Top of DATA SHOWN

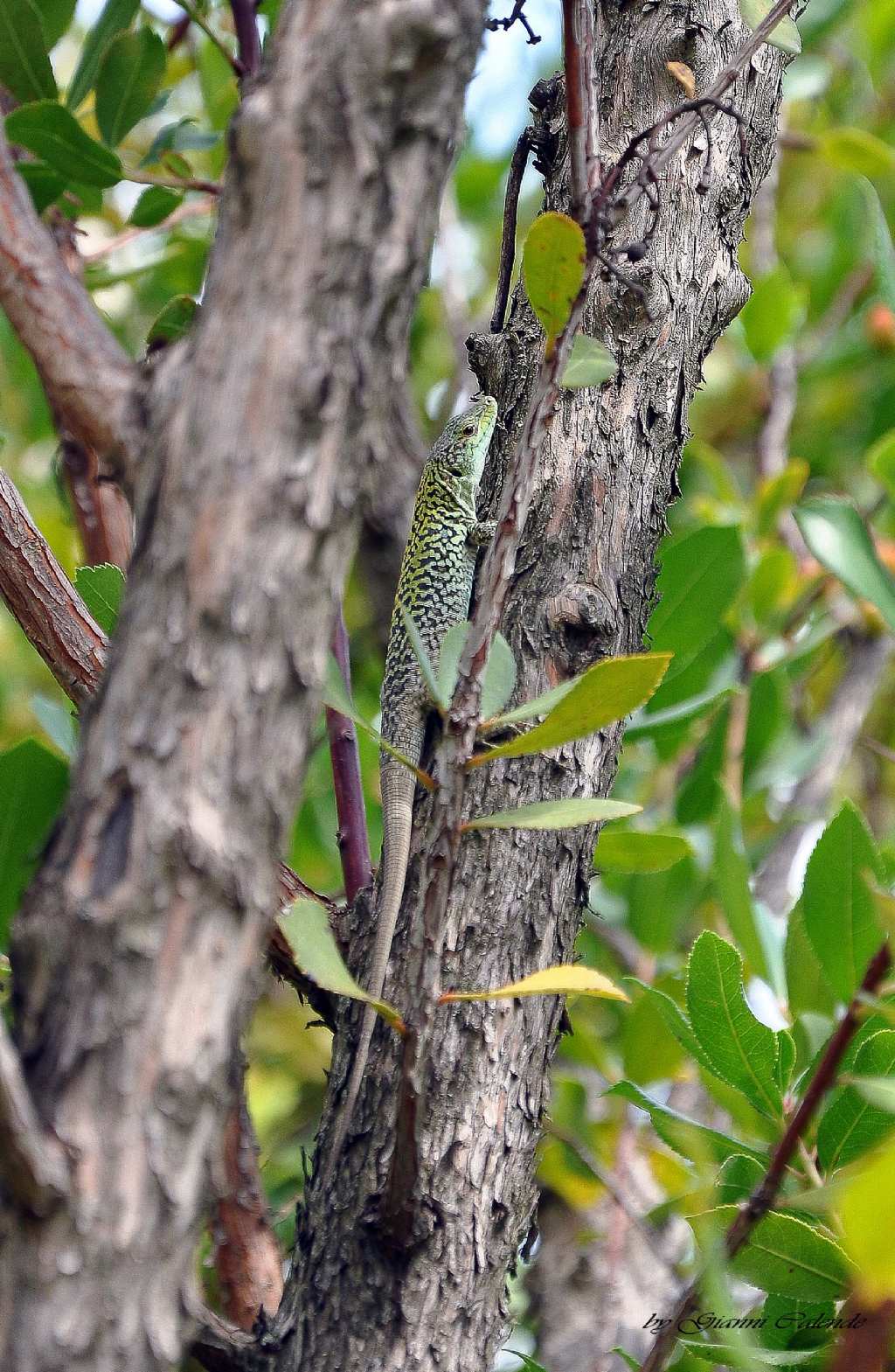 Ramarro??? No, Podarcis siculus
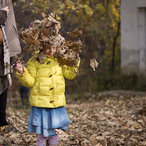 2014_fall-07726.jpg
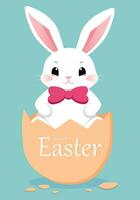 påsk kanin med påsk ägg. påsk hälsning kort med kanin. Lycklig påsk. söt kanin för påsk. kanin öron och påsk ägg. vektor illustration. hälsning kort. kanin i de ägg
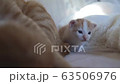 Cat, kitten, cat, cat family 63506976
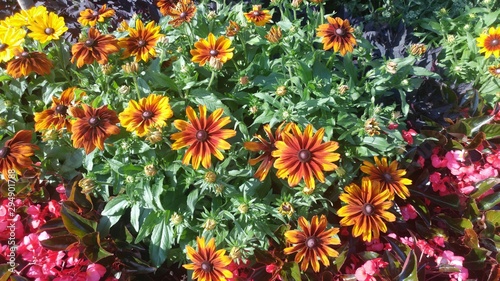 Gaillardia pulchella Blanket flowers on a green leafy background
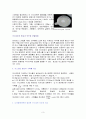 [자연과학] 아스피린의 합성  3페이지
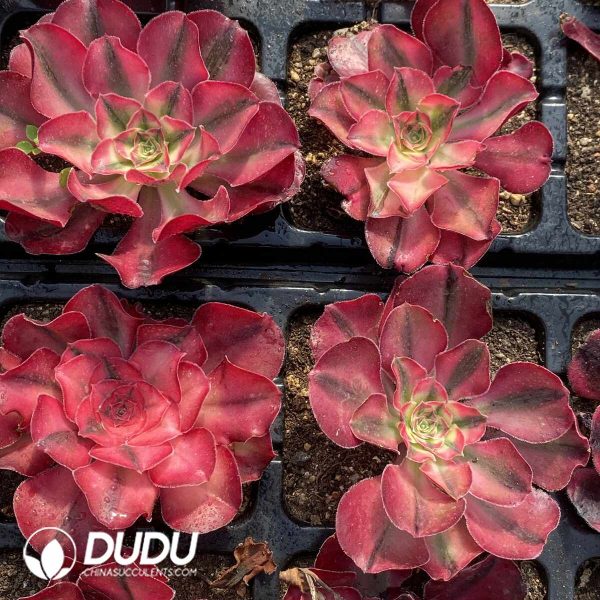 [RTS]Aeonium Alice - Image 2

Bottom of DATA SHOWN
Top of DATA SHOWN

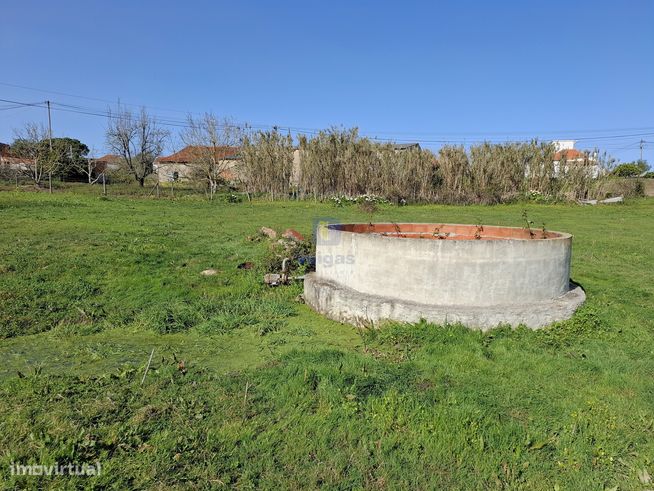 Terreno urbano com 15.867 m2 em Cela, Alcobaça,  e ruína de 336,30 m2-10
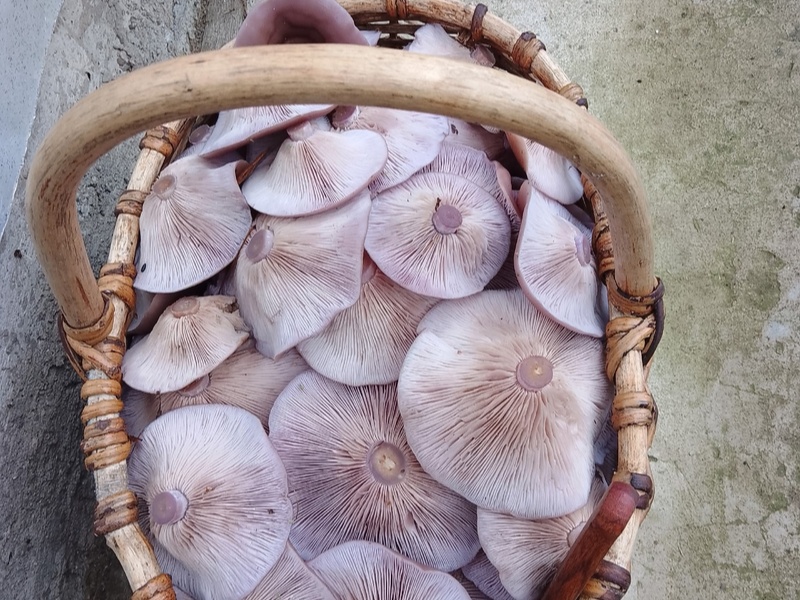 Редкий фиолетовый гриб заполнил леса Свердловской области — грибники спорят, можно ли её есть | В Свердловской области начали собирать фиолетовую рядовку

Bottom of DATA SHOWN
Top of DATA SHOWN

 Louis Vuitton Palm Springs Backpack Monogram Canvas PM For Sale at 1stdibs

Bottom of DATA SHOWN

### [WHAT IS EXPECTED]
Give again, exactly as written above, every line from the one holding "Ramarro??? No, Podarcis siculus" to the one holding "[RTS]Aeonium Alice - Image 2", with both ends kept and the pictures left out.

### [OUTPUT OF THE EXERCISE]
 Ramarro??? No, Podarcis siculus
 2014_fall-07726.jpg
 påsk kanin med påsk ägg. påsk hälsning kort med kanin. Lycklig påsk. söt kanin för påsk. kanin öron och påsk ägg. vektor illustration. hälsning kort. kanin i de ägg
 Cat, kitten, cat, cat family 63506976
 Gaillardia pulchella Blanket flowers on a green leafy background
 [자연과학] 아스피린의 합성  3페이지
 [RTS]Aeonium Alice - Image 2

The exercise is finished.